Data provided –
........

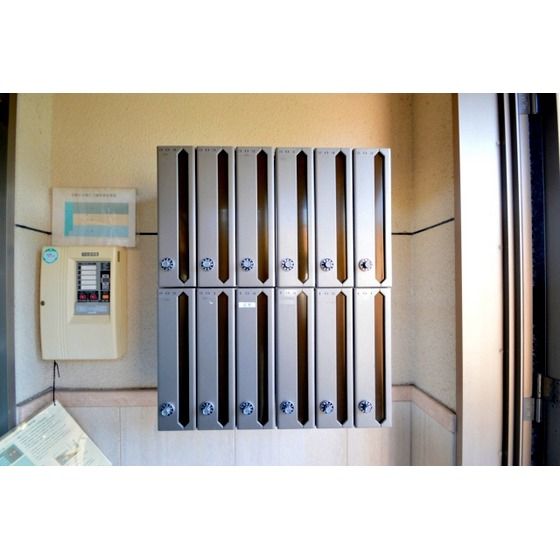 �W���|�X�g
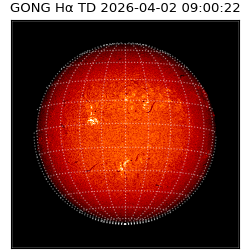 gong - 2026-04-02T09:00:22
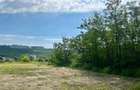 Teren intravilan 522 mp, Platoul Beldiman Rediu, deschidere la 2 străzi, 63.000e - 5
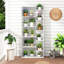 163cm H x 69cm W Bookcase-1888247318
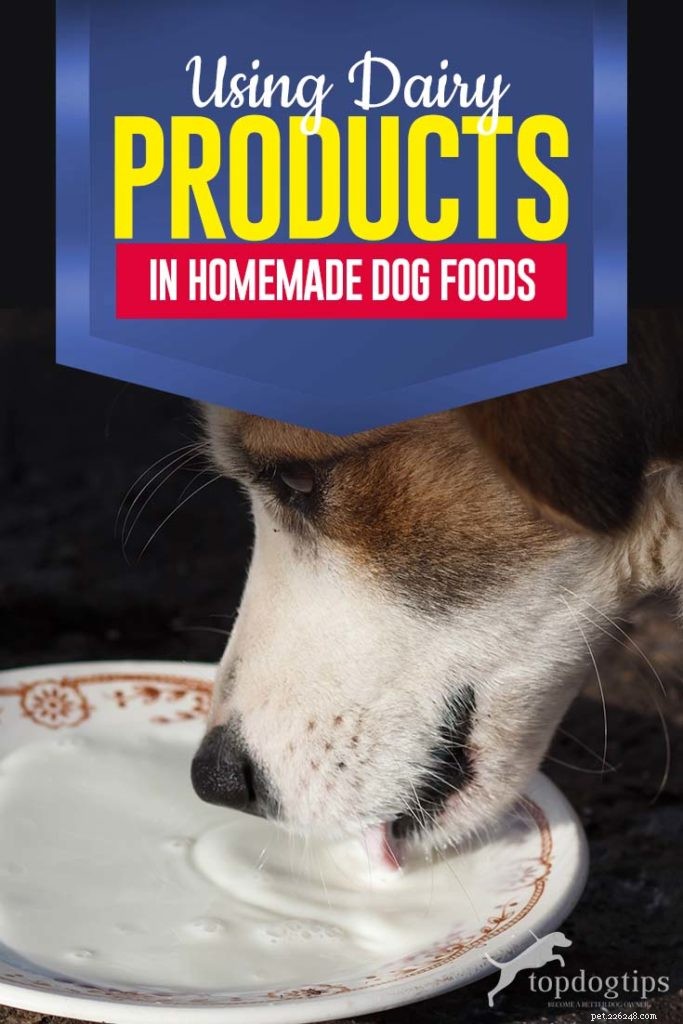 Använda mejeriprodukter i hemlagade hundmatsrecept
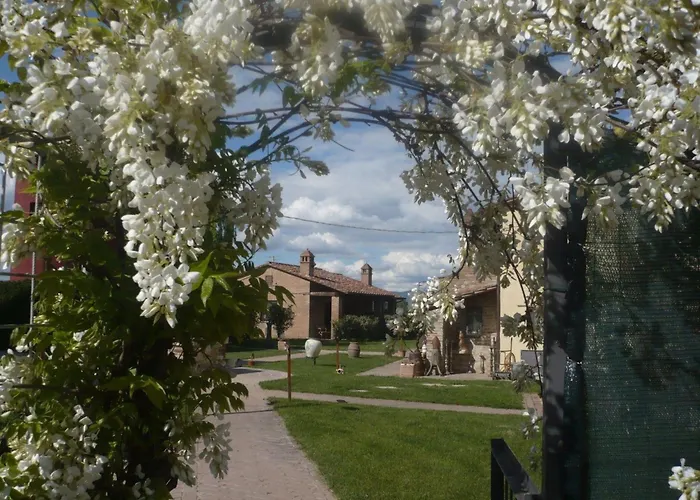 Rotreiher-urlaub Am Trasimeno-see By Interhome * Pucciarelli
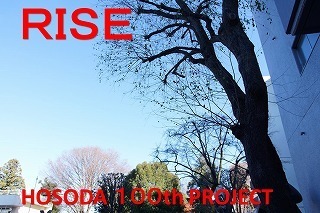 rise20201223.jpg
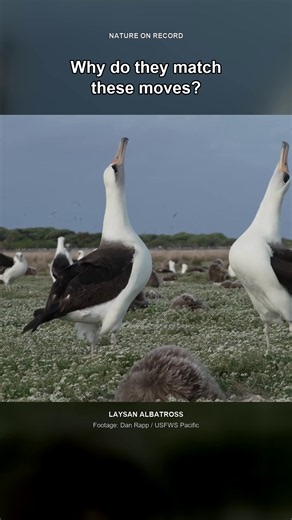 Why These Albatrosses Dance Together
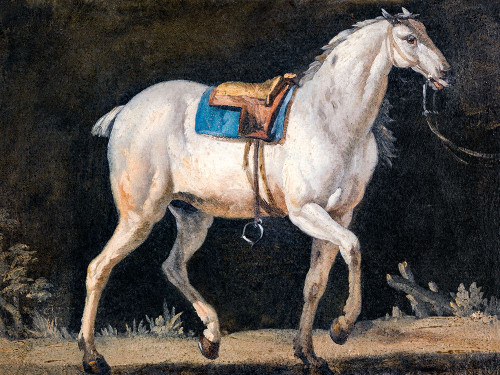 Saddled Gray Horse Poster Print - Jacques-Laurent Agasse # VARPDX67345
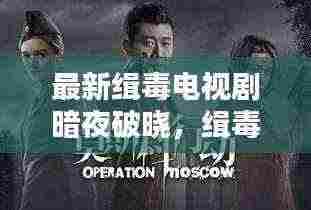 最新缉毒电视剧暗夜破晓，缉毒行动2024深度解析与赏析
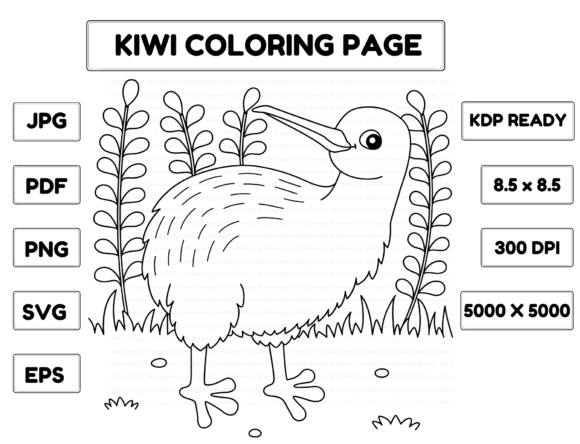 Kiwi Animal Coloring Page for Kids Illustration Pages et livres de coloriage pour enfants Par abbydesign
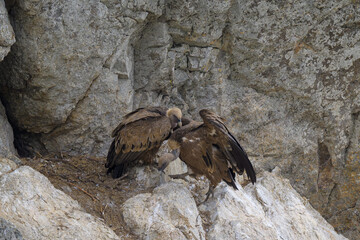 Retrato de buitres en sus buitreras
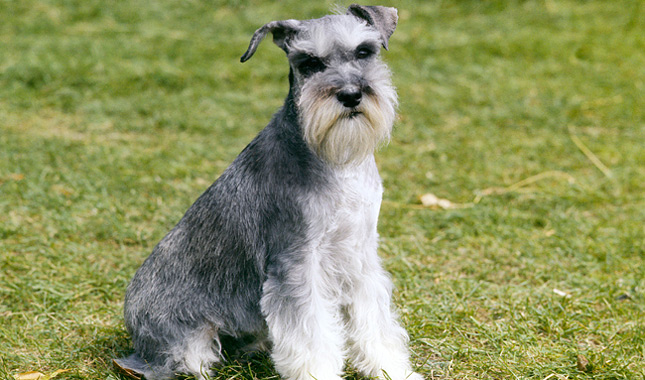 Breeds of dogs with which it is not necessary to walk and which don't fade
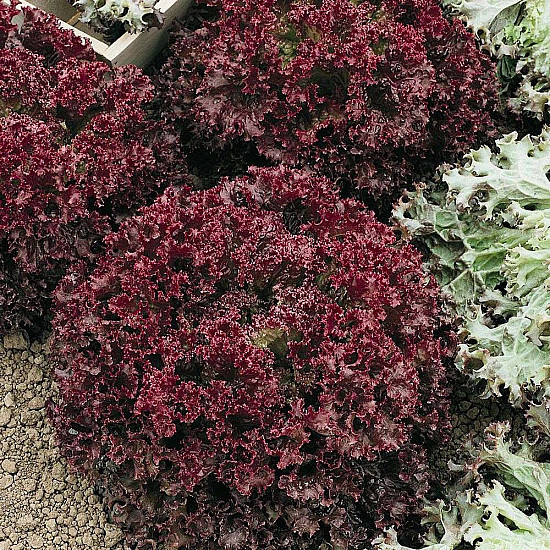 Купи Салата Лоло Роса | LETTUCE LOLLO ROSSA  от Seklos - БИО СЕМЕНА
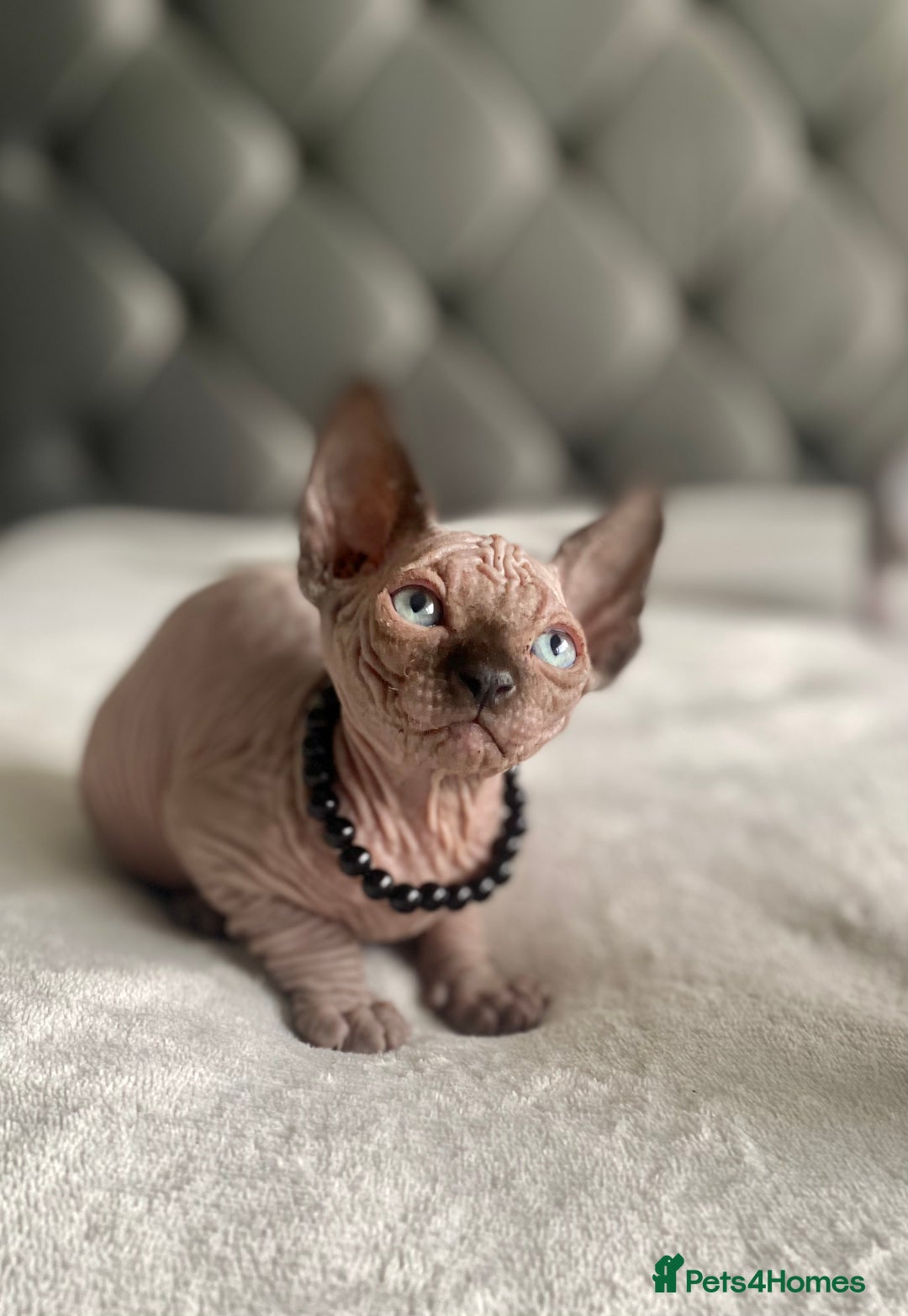 Sphynx cats for sale: Canadian sphinx kittens blue eyes girls  - Image 12
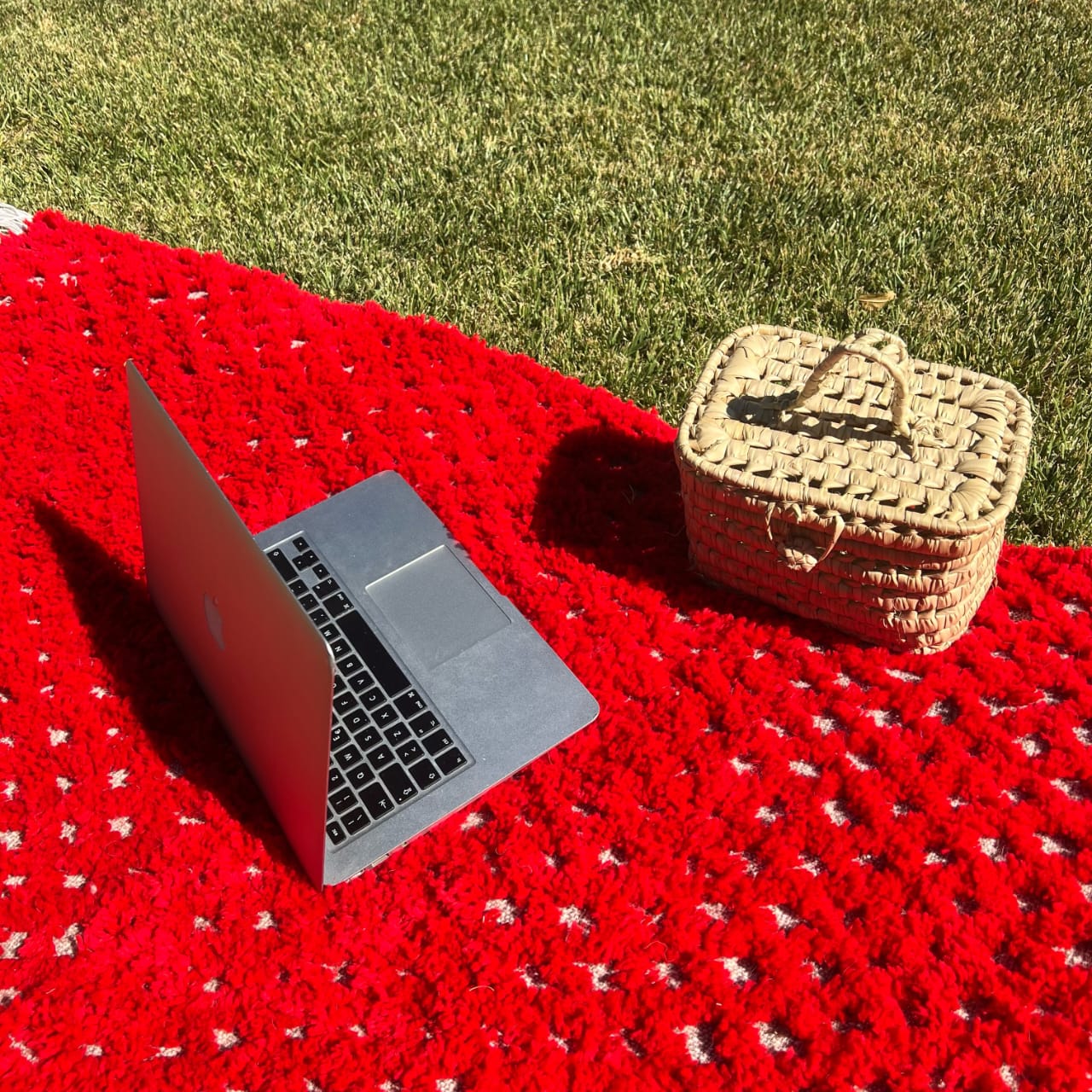 Minimalist Berber High-Pile Rug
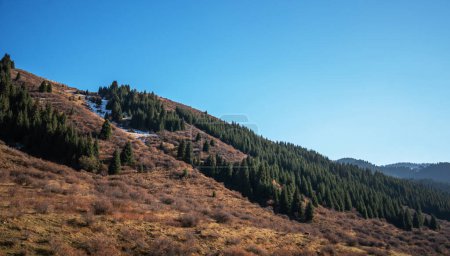 Schräge Hänge mit einer Mischung aus immergrünen Bäumen und trockenem Gras unter einem klaren blauen Himmel, mit Schneeflecken, die auf den nahenden Winter hindeuten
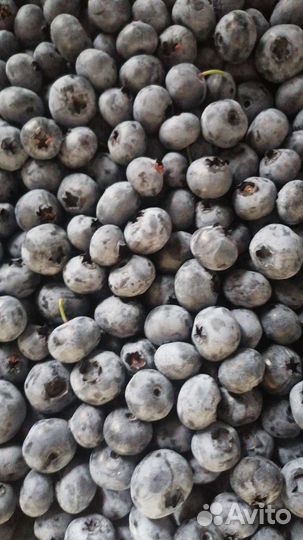 Голубика в наличии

........

Task brief – Please retype the listing above word for word, skipping each picture.

Expected answer –
 �W���|�X�g
 gong - 2026-04-02T09:00:22
 Teren intravilan 522 mp, Platoul Beldiman Rediu, deschidere la 2 străzi, 63.000e - 5
 163cm H x 69cm W Bookcase-1888247318
 Använda mejeriprodukter i hemlagade hundmatsrecept
 Rotreiher-urlaub Am Trasimeno-see By Interhome * Pucciarelli
 rise20201223.jpg
 Why These Albatrosses Dance Together
 Saddled Gray Horse Poster Print - Jacques-Laurent Agasse # VARPDX67345
 最新缉毒电视剧暗夜破晓，缉毒行动2024深度解析与赏析
 Kiwi Animal Coloring Page for Kids Illustration Pages et livres de coloriage pour enfants Par abbydesign
 Retrato de buitres en sus buitreras
 Breeds of dogs with which it is not necessary to walk and which don't fade
 Купи Салата Лоло Роса | LETTUCE LOLLO ROSSA  от Seklos - БИО СЕМЕНА
 Sphynx cats for sale: Canadian sphinx kittens blue eyes girls  - Image 12
 Minimalist Berber High-Pile Rug
 Schräge Hänge mit einer Mischung aus immergrünen Bäumen und trockenem Gras unter einem klaren blauen Himmel, mit Schneeflecken, die auf den nahenden Winter hindeuten
 Голубика в наличии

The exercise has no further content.